Now the joint venturing aspect also becomes transparent…
Though this is first a straight business-to-business sale, both companies
gain from the transaction. Ellen, too, has her business info on that
bag!
Ellen says… "I have a tracker, and I kept my eye
open to see how many direct requests were coming to my website after that day.
…They doubled in hits and 50% of my hits were direct. Perfect!"
And in a sense, this type of service - to companies that
need promotional products - can be self-perpetuating…
After landing the J&J contract, Ellen capitalized on
her experience by contacting another major drug company herself. When they heard
about their competition’s offering, they were eager to hire Ellen to create a
product for them.
"I placed Georgia-peach-scented bath salt in a little
promo bag with their logo on it, which also has my website on the front of the
bag. As soon as they started handing them out… I got emails from other
Georgia-based companies wanting something peachy for their companies as
well." For instance, she’s gotten business from a pine flooring company
wishing to entice female household decision-makers to buy the company’s
planking when their homes are restored… And from a manufacturer down the
street from them who had received that peach-scented promo product via their
mutual UPS deliverer!
Now that these interesting opportunities have cropped up,
custom wholesale products are Ellen’s favorites. "Wholesale is easier for
me and does seem to get me more money than the retail that I do from my site.
I
view my website as a portfolio of creativity primarily."
The promotions are stacking up nicely – among them
something for a major insurance company, and the glow-in-the-dark bath bombs
(!?) that will hit Denver as soon as a new mall opens.
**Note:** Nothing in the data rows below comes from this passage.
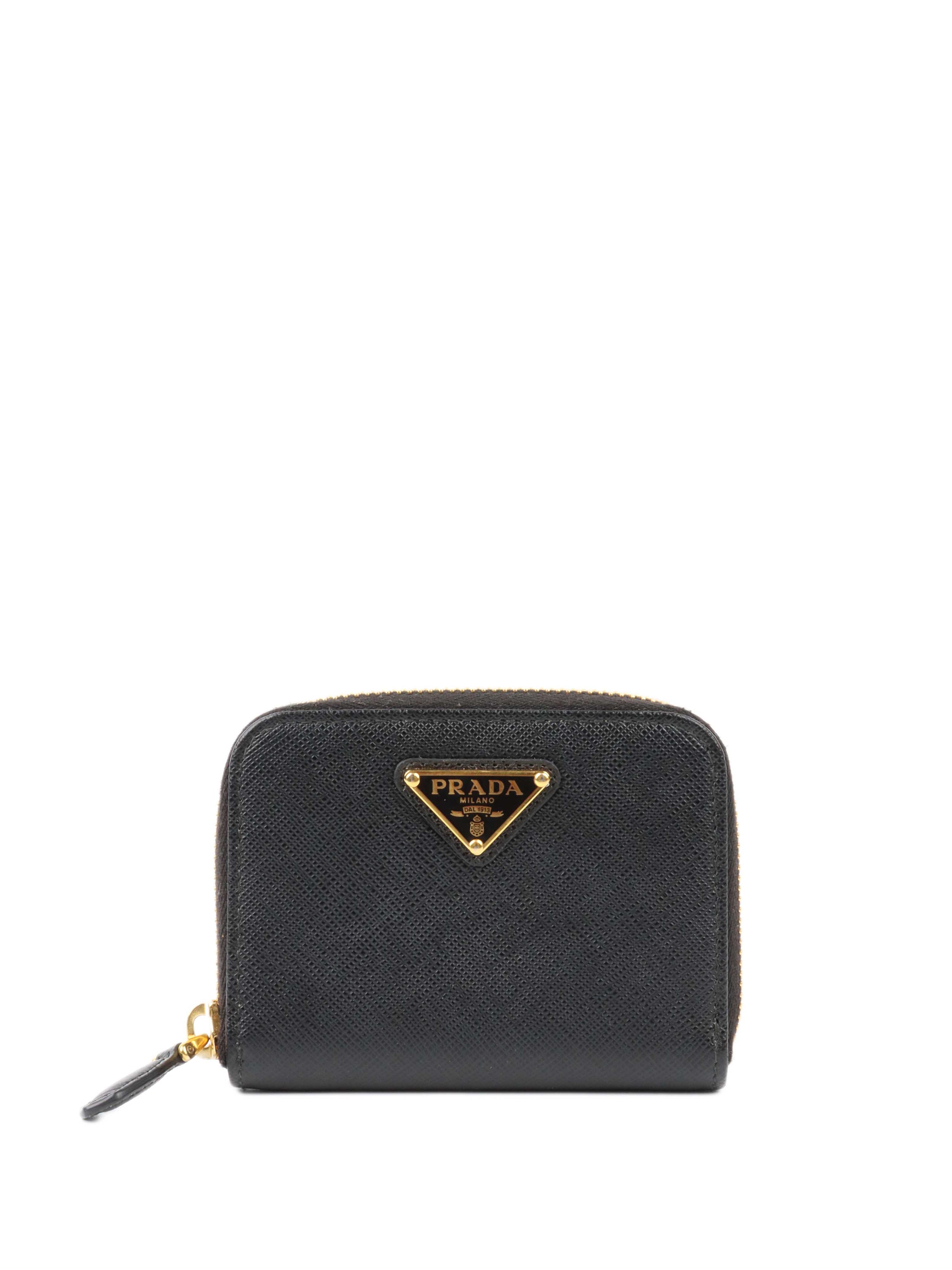 Prada Black Saffiano Leather Cardholder on Chain.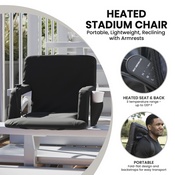 Malta Black Portable Heated Reclining Stadium Chair with Armrests, Heated Padded Back & Heated Seat with Dual Storage Pockets and Backpack Straps, FV-FA090HH-BK-GG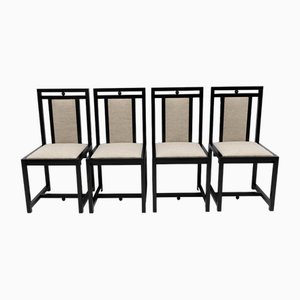 Black Lacquered High Back Chairs from Mackintosh, 1979, Set of 4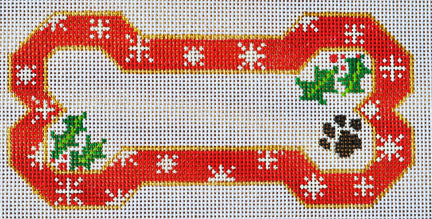 Dog Bone - Red Snow Flake Bone Ornament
I asked Ellen what she’d learned about joint venturing
from these efforts…
"When you create a positive relationship with another
business, it can automatically build your business with ease."
I believe that’s the case - only I think that you also
need to think joint venture, as Ellen did… In other words, look ahead,
scan the horizon for possibilities, and plan for ways to make the
automatic happen!
Ellen Cagnassola is the
owner/inventor of SweetSoaps.com
(908-BIG-Soap).
What can we learn from Ellen
Cagnassola about joint
venturing?…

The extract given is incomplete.